Businesses, cities, and other organizations filed two amicus curiae briefs with the US Supreme Court [official website] Tuesday in support of same-sex marriage [JURIST backgrounder]. The groups urged the court to strike down the Defense of Marriage Act (DOMA) [brief, PDF] in US v. Windsor [docket] and Proposition 8 [brief, PDF] in Hollingsworth v. Perry [docket]. The businesses include financial institutions, medical centers, airlines, energy and high technology businesses, law and professional firms, retailers, restaurants, non-profit organizations, and several others. Both briefs state an interest for the businesses in their desires to recruit, retain, and secure a talented workforce, and state that the laws in question impinge upon those interests. In particular, the brief in Hollingsworth states how Proposition 8 [text, PDF; JURIST news archive] leads talented employees to choose to live in states other than California, creating recruitment difficulties. The brief in Windsor explains:
The capital of modern enterprises is in many ways a human capital. Success depends on the talent, morale and motivation of the workforce for private and public employers alike. To attract the best employees and colleagues, amici must offer robust workplace benefits and a workplace ethos of transparent fairness. ... Benefits packages, especially health-care and retirement benefits, are a direct contributor to employee loyalty. Satisfied and engaged workers are more productive and perform better across a variety of metrics than less-satisfied colleagues. Workplace benefits enhance the employer/employee relationship, which in turn is a key to institutional success. To compete effectively in the modern employment market, amici strive to offer workplace benefits to their employees on an equitable basis.Additionally, the brief in Windsor cites challenges dual marriage regime created by DOMA [text; JURIST news archive] uniquely burdens the employers by requiring separate books and tax treatments to deal with same-sex marriages of employees on state and federal levels, and forcing those businesses to endure unnecessary cost and administrative complexity.
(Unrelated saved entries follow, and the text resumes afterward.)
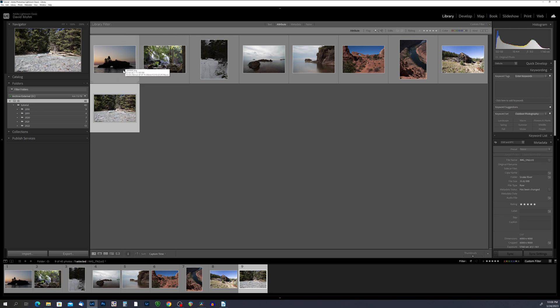Stars are not just for organization — they can also help you hone your photography skills. By rating your own work, you gain a better understanding of your strengths and weaknesses as a photographer and learn how to improve. Using stars can make a big difference in how you manage and showcase your photos in Lightroom Classic by helping you easily find and prioritize your best shots.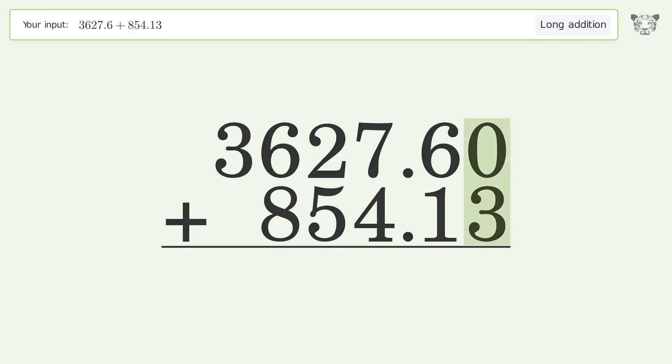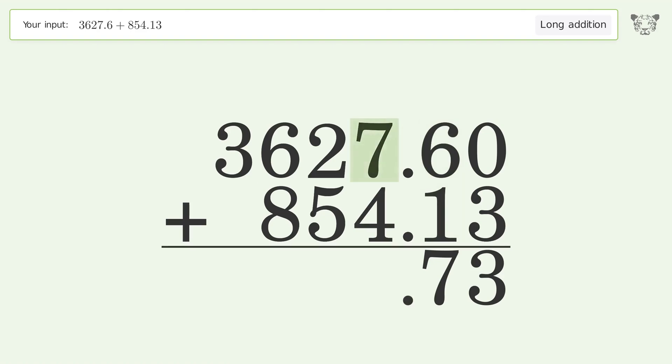0 plus 3 equals 3. 6 plus 1 equals 7. 7 plus 4 equals 11, carry 1 to the tens place.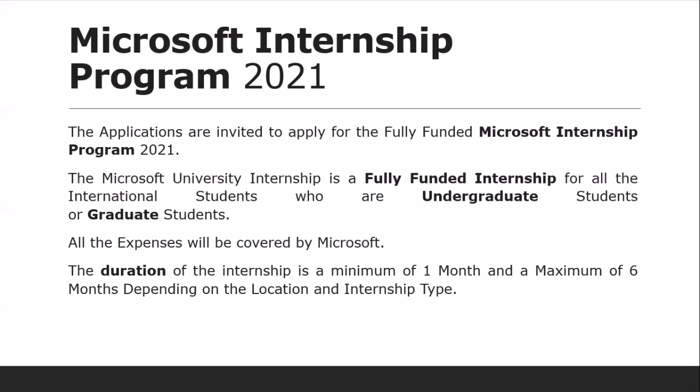Let us see who can apply for this program. This program is for students — students can apply for this program.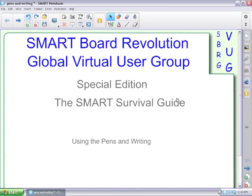Welcome to the SmartBoard Revolution Global Virtual User Group Special Edition, the Smart Survival Guide. This edition, this episode is using the pens and writing.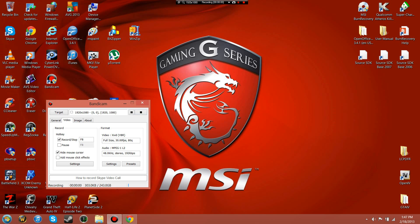Hey, what's up you guys. If you've been following my videos, I've told you that I've been having some issues connecting to Games for Windows Live, mainly when I'm trying to play Grand Theft Auto 4.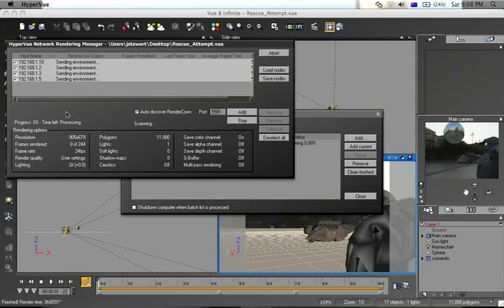So the environment is sent to each of the hosts. I'm expecting this to take several hours to render this scene. And that is how you set up an animation for rendering over the network.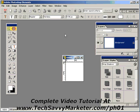Hi and welcome to another video tutorial of TechSavvyMarketer.com. My name is Vittorio Bozzio and today I'm going to introduce you to Adobe Photoshop Elements, which is a lighter version of the famous Adobe Photoshop, specifically designed for website graphics. For less than a hundred dollars you can buy this software and create all the images you will ever need for your website.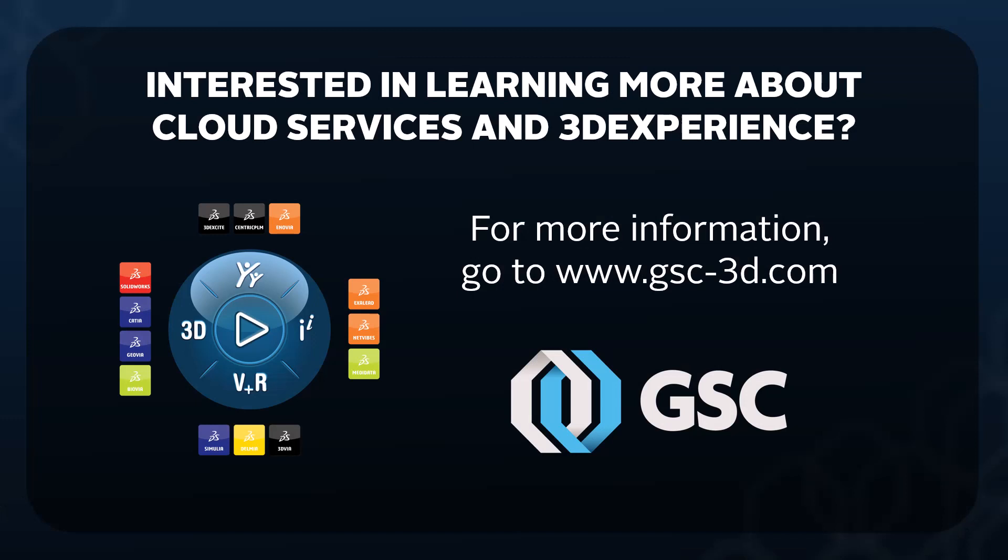With such a landmark change, there's bound to be questions. If you're new to 3D experience and want to learn more about how cloud services can benefit you, give us a call. We're happy to help.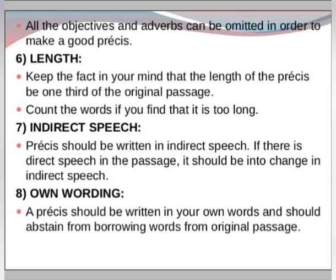The eighth rule is using your own words. A precis should be written in your own words and should abstain from borrowing words from the original passage — so it doesn't look like an exact mirror image or a word-for-word copy of the original.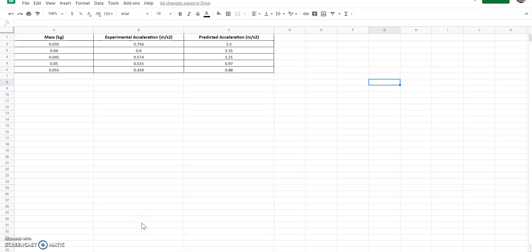Hey guys, by now you have completed Newton's second law lab — at least the data collection part — where you ran your toy car with various amounts of washers off the end of a table and calculated the experimental acceleration of your car. You also calculated the predicted acceleration, which is what we would have expected under perfect conditions. The purpose of this video is to graph that data using either Google Sheets or Microsoft Excel.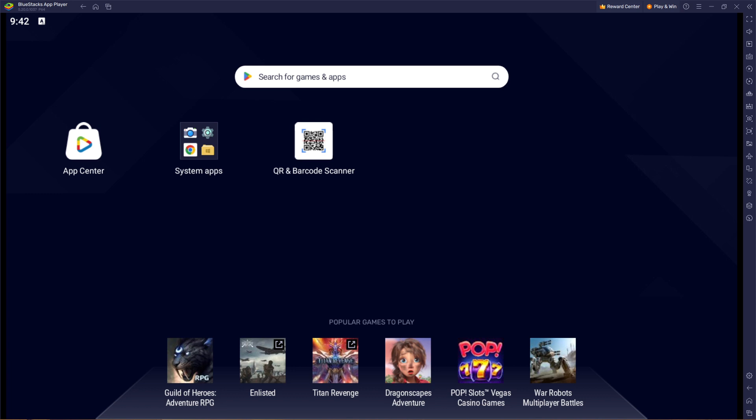But like I keep saying, please remember that Bluestacks is like a virtual phone which is similar to your physical phone. So everything you do on your physical phone you can also do on Bluestacks. It is quite easy and straightforward.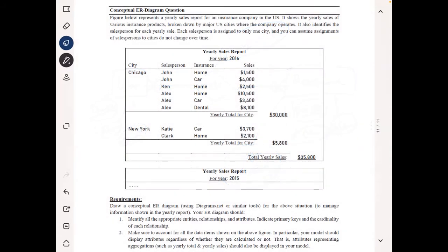The second question looks a little more complex, but it's not that complex. The figure represents a yearly sales report. We want to keep this information in a database system for an insurance company in the US. It shows the yearly sales of various insurance products — the company sells multiple insurance products across many different US cities such as Chicago and New York. The insurance products can be home insurance, car insurance, dental insurance, and so on.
Both briefs urge the Supreme Court to affirm the appellate court decisions.
The issue of same-sex marriage is an ongoing controversy in the US. Earlier this week attorneys for Edith Windsor [NYT profile], the respondent in US v. Windsor, filed [JURIST report] a brief [text, PDF] with the Supreme Court arguing that DOMA is unconstitutional. That brief added to the three that were filed [JURIST report] last week, including one filed by the Obama administration arguing that DOMA is unconstitutional and one filed by the Bipartisan Legal Advisory Group (BLAG) defending the law's constitutionality. Last month the Supreme Court received briefs in both cases defending the constitutionality [JURIST report] of both Proposition 8 and Section 3 of DOMA. The court granted certiorari [JURIST report] in both cases in December.